Однажды я был у него в гостях, хотел, чтобы он сыграл в моей пьесе о Кафке. Он страшно испугался, не стал читать, сказав:

– Наверно, это гениально, но это не мое.

Я попытался пробиться к нему:

– Но я прошу – вы сначала прочтите.

– Нет-нет, не буду. Давайте лучше чай пить.

Стали долго пить чай. Я опять за свое после чая:

– Прочтите. Тут роль для Вас.

– Не мое, не мое, – замахал он руками. – Еще чаю?

Тут я понял, что он непробиваемый.

Жаль, конечно. А впрочем, совсем не жаль – Андрей Алексеевич Попов прекрасно сыграл в этой моей пьесе и постановке на Малой сцене МХАТа. С ним тоже много чая выпили.


Есть такое слово – «переплавить». Театр переплавляет реальность в ирреальность.

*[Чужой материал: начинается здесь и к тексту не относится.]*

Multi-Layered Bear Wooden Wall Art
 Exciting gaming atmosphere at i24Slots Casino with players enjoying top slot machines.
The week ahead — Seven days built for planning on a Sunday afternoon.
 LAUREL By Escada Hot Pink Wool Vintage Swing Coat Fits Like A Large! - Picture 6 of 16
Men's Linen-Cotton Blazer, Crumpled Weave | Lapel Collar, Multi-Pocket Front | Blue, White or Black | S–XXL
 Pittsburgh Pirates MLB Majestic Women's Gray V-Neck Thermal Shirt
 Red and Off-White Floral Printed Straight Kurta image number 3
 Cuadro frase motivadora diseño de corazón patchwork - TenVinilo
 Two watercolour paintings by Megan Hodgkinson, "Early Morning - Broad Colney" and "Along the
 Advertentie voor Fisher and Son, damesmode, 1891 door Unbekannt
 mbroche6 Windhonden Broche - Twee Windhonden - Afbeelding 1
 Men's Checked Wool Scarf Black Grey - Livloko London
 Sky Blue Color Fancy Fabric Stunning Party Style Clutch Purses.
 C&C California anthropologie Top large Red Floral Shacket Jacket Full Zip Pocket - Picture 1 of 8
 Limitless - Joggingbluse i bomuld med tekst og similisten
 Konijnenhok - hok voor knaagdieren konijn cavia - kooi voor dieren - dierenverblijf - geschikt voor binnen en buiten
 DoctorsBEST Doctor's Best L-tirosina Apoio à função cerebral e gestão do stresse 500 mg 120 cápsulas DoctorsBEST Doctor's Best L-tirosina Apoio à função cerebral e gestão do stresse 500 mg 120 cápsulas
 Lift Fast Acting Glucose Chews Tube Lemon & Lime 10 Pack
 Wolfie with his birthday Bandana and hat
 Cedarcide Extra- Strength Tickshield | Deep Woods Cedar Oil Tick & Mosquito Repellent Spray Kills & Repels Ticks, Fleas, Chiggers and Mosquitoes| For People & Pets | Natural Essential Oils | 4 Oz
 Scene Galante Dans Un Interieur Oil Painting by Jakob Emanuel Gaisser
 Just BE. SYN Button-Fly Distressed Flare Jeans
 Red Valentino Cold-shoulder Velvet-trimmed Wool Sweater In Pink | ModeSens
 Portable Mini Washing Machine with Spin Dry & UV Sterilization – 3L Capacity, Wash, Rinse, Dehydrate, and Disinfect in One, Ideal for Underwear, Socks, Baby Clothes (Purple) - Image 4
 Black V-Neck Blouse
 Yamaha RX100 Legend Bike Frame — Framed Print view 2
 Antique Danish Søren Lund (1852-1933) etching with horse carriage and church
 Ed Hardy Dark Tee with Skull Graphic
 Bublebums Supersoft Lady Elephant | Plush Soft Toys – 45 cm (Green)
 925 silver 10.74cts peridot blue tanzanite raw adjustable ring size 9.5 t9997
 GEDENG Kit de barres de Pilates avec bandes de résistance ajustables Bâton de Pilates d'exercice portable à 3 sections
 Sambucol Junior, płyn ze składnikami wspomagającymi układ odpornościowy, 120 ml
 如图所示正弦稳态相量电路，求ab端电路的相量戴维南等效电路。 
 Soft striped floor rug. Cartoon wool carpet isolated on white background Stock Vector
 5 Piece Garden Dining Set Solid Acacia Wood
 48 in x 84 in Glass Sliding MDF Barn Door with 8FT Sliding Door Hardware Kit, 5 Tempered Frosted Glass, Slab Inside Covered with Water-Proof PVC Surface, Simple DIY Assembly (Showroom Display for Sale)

Что-то есть в этом колдовское, может быть, и злокозненное. Во всяком случае, когда колдовство ПРЕВРАЩЕНИЯ становится превыше нашего опыта, это доставляет нам огромное удивление перед ошеломительно незнакомым, но явно существующим миром. Сравнивая наш опыт с увиденным (волей и неволей), мы скучаем по новым «переплавкам», обещающим нам другие, но столь же острые и приятные впечатления. И тогда мы идем в кассу театра и в очередной раз покупаем билет – только чтобы еще и еще испытать свою связь с неведомым.


«Безлюдно», – сказал Булгаков и стал носить черные очки и черную шапочку.

«Нет людей», – говорил Мейерхольд, когда закрывали его театр. А ведь Б. и М. – в искусстве были враги.


Ответь себе, что ты любишь в театре, что ненавидишь. Принципиальный вопрос.


Создание спектакля, несомненно, дорогого стоит. Сотворение репертуара, конечно же, очень высокая цель.

Но превыше всего – строительство театрального дела, – ему отдана жизнь. Однако дело это будет священнодействием лишь при условии, если на твоем репертуаре родится театр – ансамбль, театр – дом, храм, гнездо. Театр упоенного служения Высшему. Это не слова: театр, выхарканный кровью.


Искусство знака – древнее искусство. Именно потому оно ближе дикарю с его наивным примитивизмом поэтического миросознания.

Знак и сегодня хорош для малоинтеллектуальной публики (ее большинство), любящей разгадывать кроссворды и потому думающей, что она много знает.